** DIRECTIONS FOR THIS TASK **
As the answer, give exactly the lines of the records below from the one with "Distributing Gospel Tracts" through the one with "Xajzpa - New", ends included and pictures left out.

** AVAILABLE RECORDS **

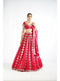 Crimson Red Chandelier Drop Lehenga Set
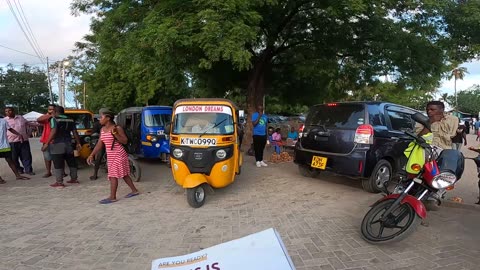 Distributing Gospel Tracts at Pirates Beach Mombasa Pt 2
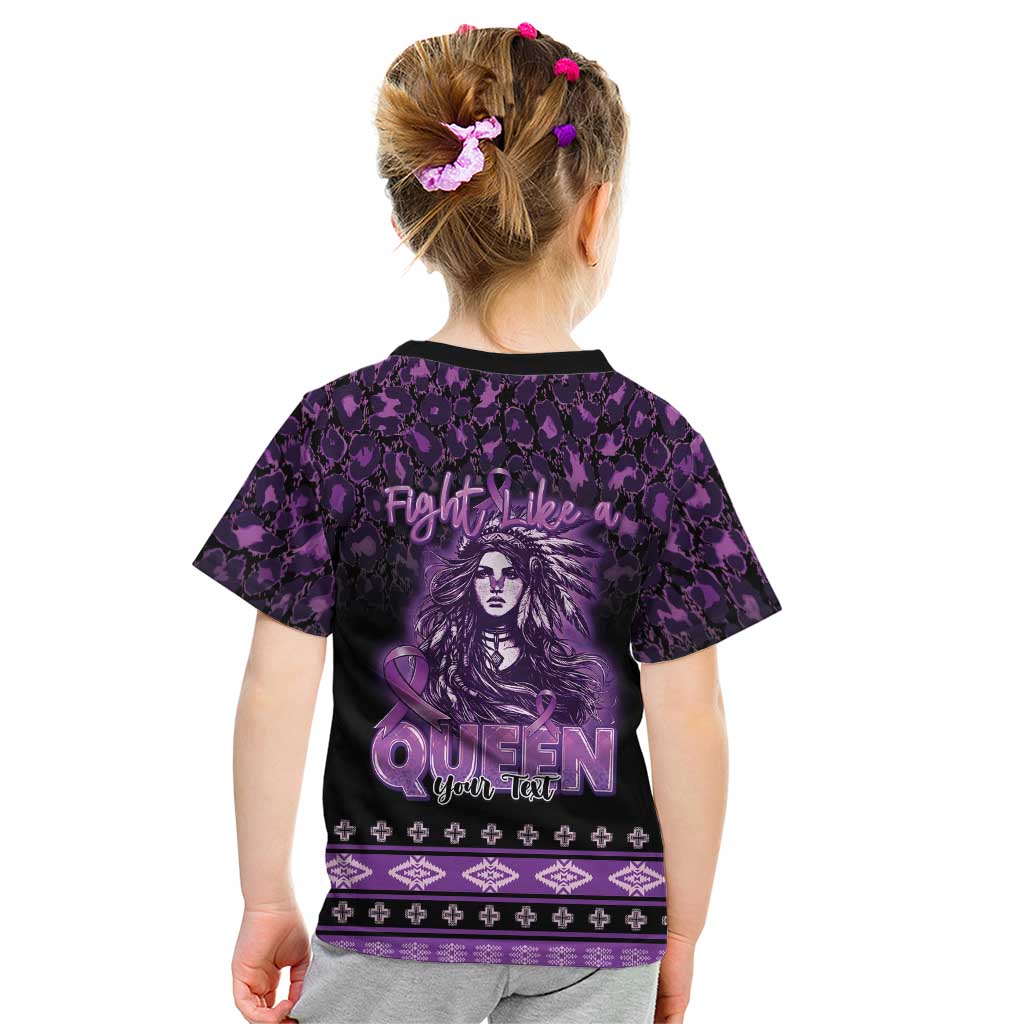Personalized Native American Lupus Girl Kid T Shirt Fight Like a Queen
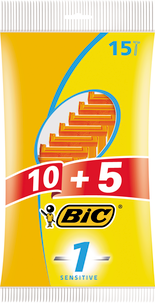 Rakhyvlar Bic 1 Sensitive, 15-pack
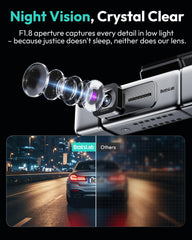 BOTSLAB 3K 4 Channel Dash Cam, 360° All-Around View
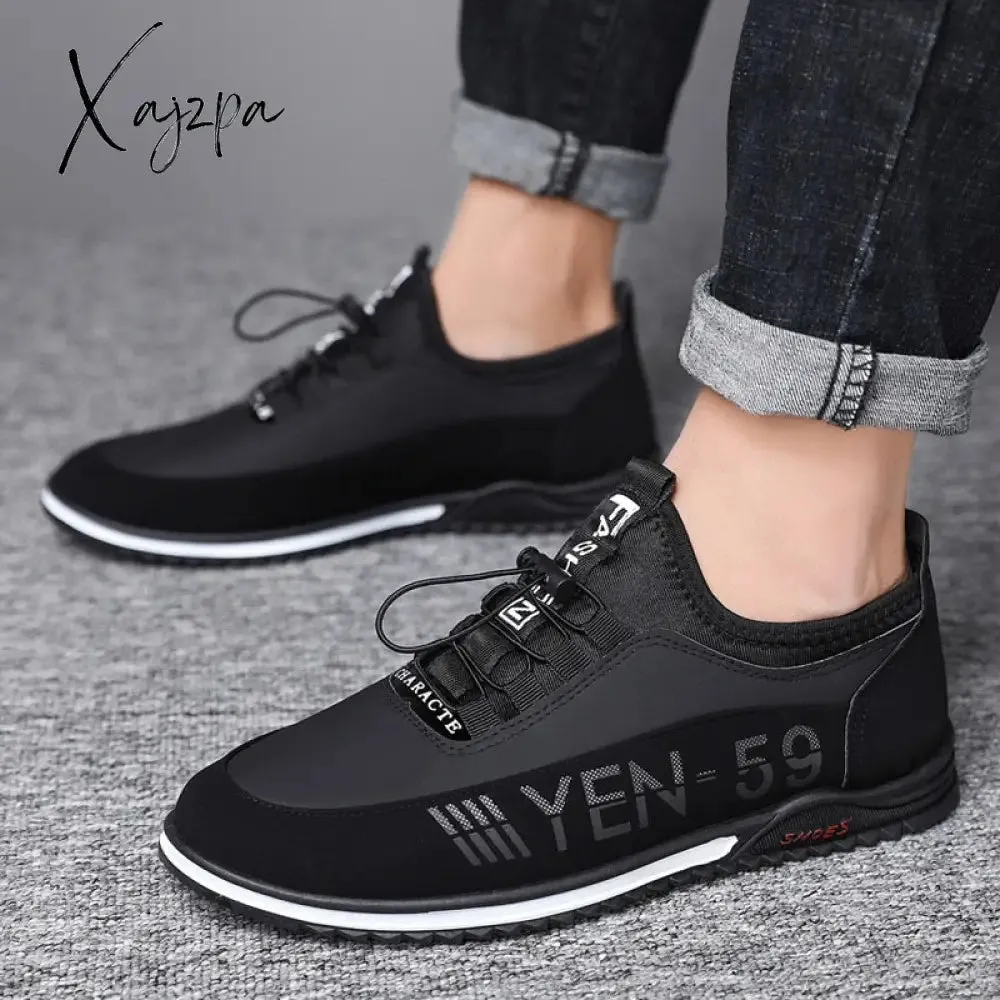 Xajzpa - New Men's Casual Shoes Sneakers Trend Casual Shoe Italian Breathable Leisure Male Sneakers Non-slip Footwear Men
--
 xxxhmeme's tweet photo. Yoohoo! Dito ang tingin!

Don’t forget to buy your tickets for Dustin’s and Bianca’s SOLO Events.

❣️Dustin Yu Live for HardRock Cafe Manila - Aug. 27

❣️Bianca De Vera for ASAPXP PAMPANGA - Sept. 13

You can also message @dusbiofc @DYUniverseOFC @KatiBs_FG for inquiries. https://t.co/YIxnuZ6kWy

** REPLY TO THE EXERCISE **
 Distributing Gospel Tracts at Pirates Beach Mombasa Pt 2
Personalized Native American Lupus Girl Kid T Shirt Fight Like a Queen
 Rakhyvlar Bic 1 Sensitive, 15-pack
 BOTSLAB 3K 4 Channel Dash Cam, 360° All-Around View
 Xajzpa - New Men's Casual Shoes Sneakers Trend Casual Shoe Italian Breathable Leisure Male Sneakers Non-slip Footwear Men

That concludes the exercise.